Michael holte sich Bücher aus der Leihbibliothek und las alles, was er über den Elektroschock finden konnte. Und mit Schrecken wurde ihm nach und nach klar, dass weder Dan Bernstein noch irgendein anderer Psychiater genau wusste, was in dem von elektrischen Strömen geschüttelten Gehirn seiner Frau wirklich vorging. Sie hatten nichts als Theorien und die praktische Erfahrung, dass die Behandlung zu Heilerfolgen führte. Nach einer dieser Theorien ließ der elektrische Strom die abnormen Gehirnschaltungen durchbrennen; nach einer zweiten kam der Elektroschock dem Todeserlebnis so nahe, dass er dem Strafbedürfnis Genüge tat und die Schuldgefühle, welche den Patienten in die Depression getrieben hatten, beruhigte.

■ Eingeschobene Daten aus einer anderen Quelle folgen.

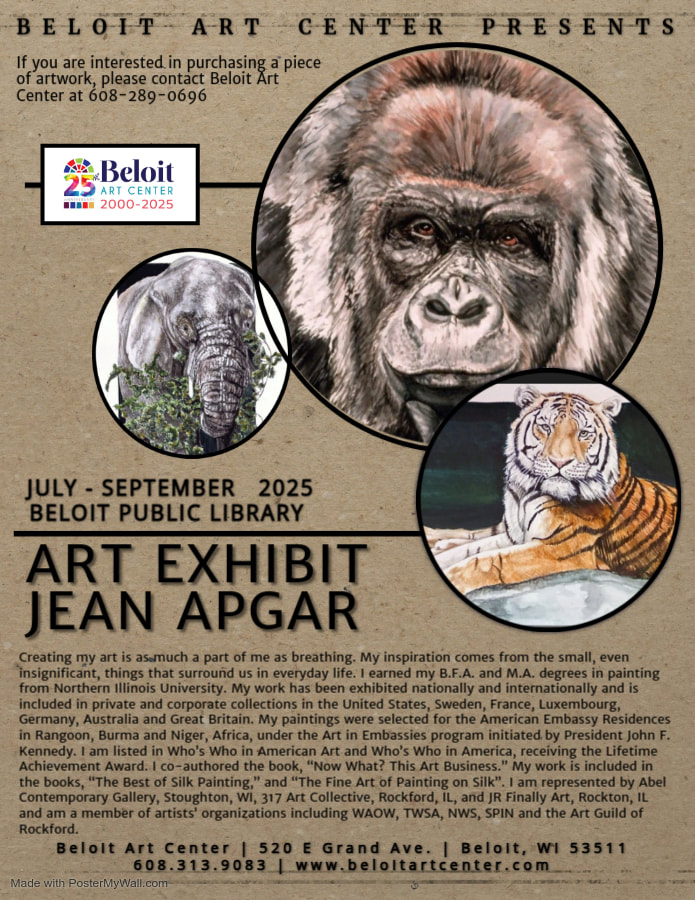 🎨 Discover local art during your stay! Don’t miss the Beloit Art Center exhibits at Bagels &amp; More and the Beloit Public Library, featuring Jo Christofferson &amp; Jean Apgar. #ExploreBeloit #LocalArt #BeloitWI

Genug! Er las nicht mehr weiter.

An jedem Behandlungstag rief er um neun Uhr im Krankenhaus an und erhielt jedes Mal von der Stationsschwester die gleichlautende, mit ausdruckslos-nasaler Stimme gegebene Auskunft, dass die Behandlung ohne Störung verlaufen sei und Mrs. Kind schlafe.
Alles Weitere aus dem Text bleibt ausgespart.